Web performance company Cloudflare today announced the release of the Cloudflare API Gateway. This release is geared at providing organizations with a simple, fast, and effective way to protect and control all of their APIs. Cloudflare API Gateway simplifies the process of identifying, securing, and managing APIs of any protocol all on one network.
According to Cloudflare, API traffic generates more than 50% of all the HTTP requests on Cloudflare’s global network. With this, it is more important than ever for businesses to protect and maintain a clear view of their API suite.

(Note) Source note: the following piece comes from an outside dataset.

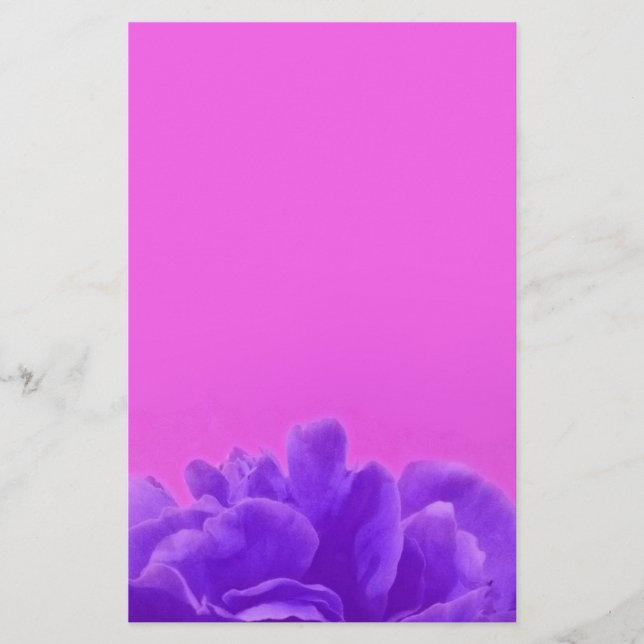 Papelería Elegante morado frambuesa floral (Anverso)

With this release, organizations will be able to:
- Identify and stop API abuse by leveraging Cloudflare’s Machine Learning engine that processes 32+ million requests per second
- Automatically detect unmanaged APIs through passive scans of the entire network that produce lists of API endpoints for complete visibility
- Create and manage lightweight, dynamic APIs that run at the edge directly with Cloudflare workers
- Offload authentication and authorization through gateway support of industry protocols such as OAuth 2.0 and JSON Web Tokens
- Route, log, and measure API requests through native functionality that will be introduced to existing Cloudflare products
“APIs were never built with security in mind. Yet, today APIs are involved in nearly every app a consumer or employee touches, often carrying our sensitive personal data,” said Matthew Prince, CEO and co-founder of Cloudflare. “Every day Cloudflare’s network blocks about 86 billion cyber threats for our customers. We’re confident that no other API tool sees the breadth or volume of threats that we do. We’ve built next generation AI and Machine Learning engines that take API management to a new level, automatically detecting new APIs and preventing threats. As with other Cloudflare products, API Gateway will do all of this at a fraction of the cost and without the latency introduced by legacy solutions.”